How to complete this task
Print the records below exactly, and do not carry over any picture.
(Information supplied Opens)
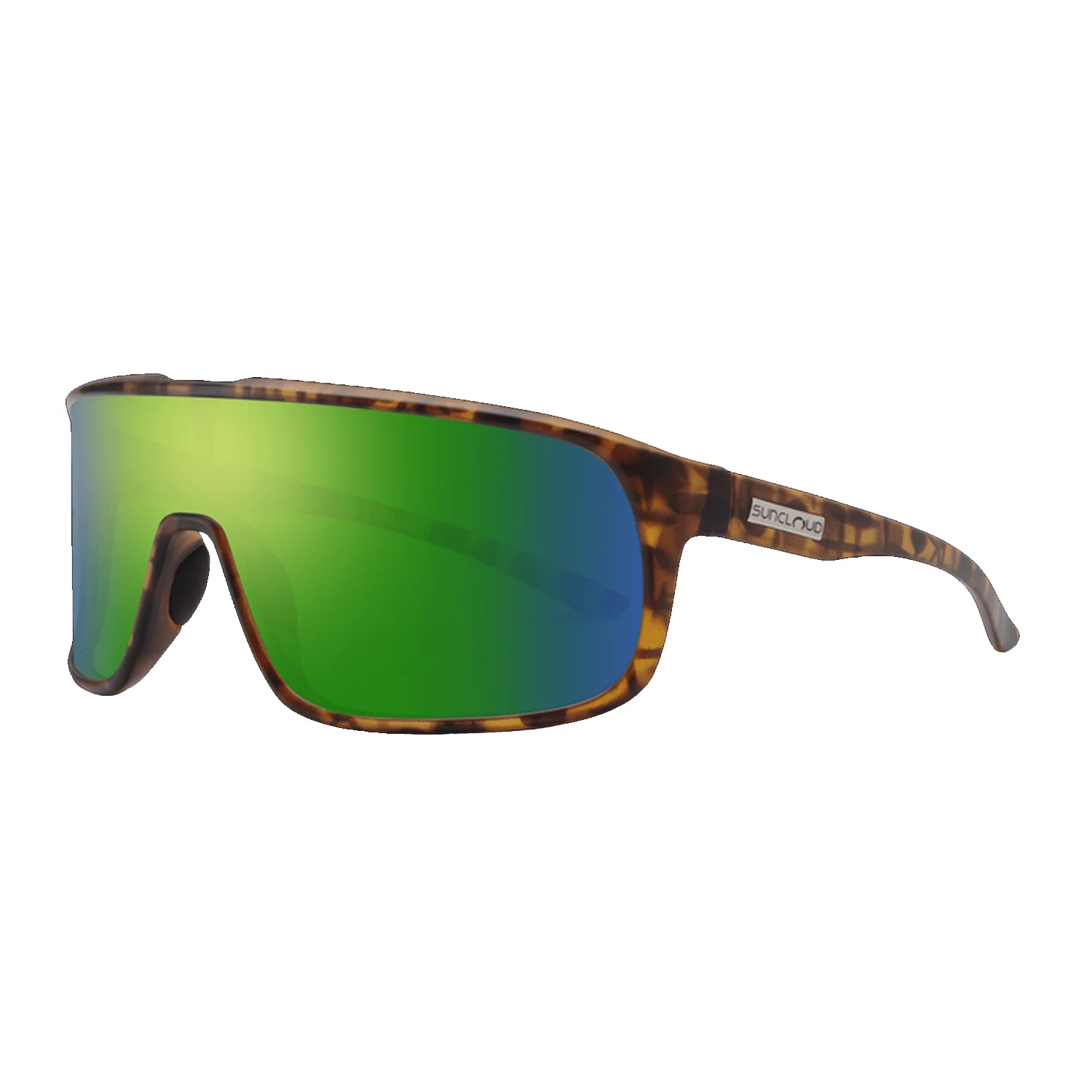Suncloud Double Up Sunglasses Matte Tortoise/Polar Green Mirror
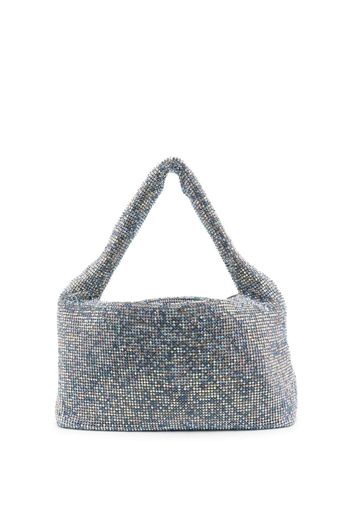 Kara Borsa a spalla mini Crystal Mesh Armpit - Blu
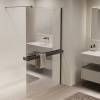 Душевая перегородка Vincea Walk in VSW-1HR100MRGM профиль вороненая сталь, стекло зеркальное, 100x200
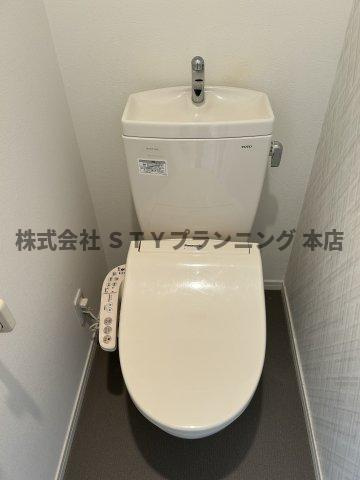 仲介手数料0円！グリーンレイク中小田井のトイレ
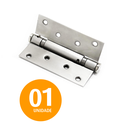 Ver imagem 1 de Dobradiça com Mola 4x3 Inox Polido 1pç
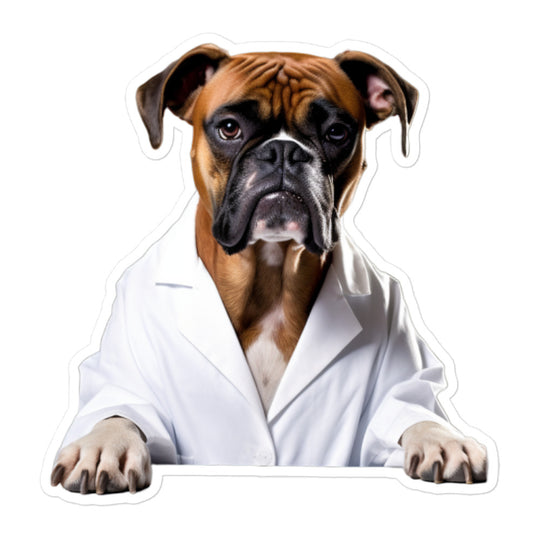 Boxer Pharmacist Sticker - Stickerfy.ai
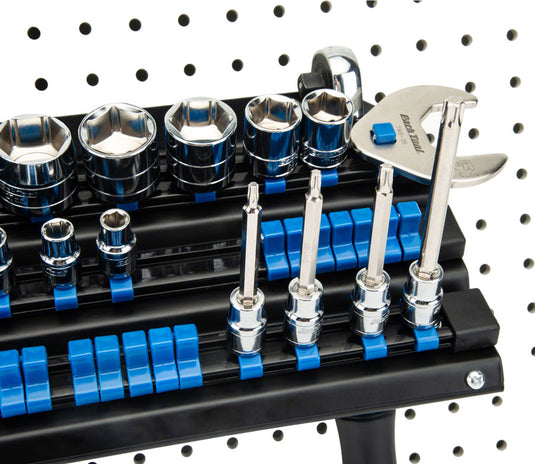 Park Tool JH-3 Wall-Mounted Socket, Bit and Torque Tool Organizer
(Information supplied Closes)
Solution to the exercise
Suncloud Double Up Sunglasses Matte Tortoise/Polar Green Mirror
 Kara Borsa a spalla mini Crystal Mesh Armpit - Blu
 Душевая перегородка Vincea Walk in VSW-1HR100MRGM профиль вороненая сталь, стекло зеркальное, 100x200
 仲介手数料0円！グリーンレイク中小田井のトイレ
 Ver imagem 1 de Dobradiça com Mola 4x3 Inox Polido 1pç
 Boxer Pharmacist Sticker - Stickerfy.ai
 Park Tool JH-3 Wall-Mounted Socket, Bit and Torque Tool Organizer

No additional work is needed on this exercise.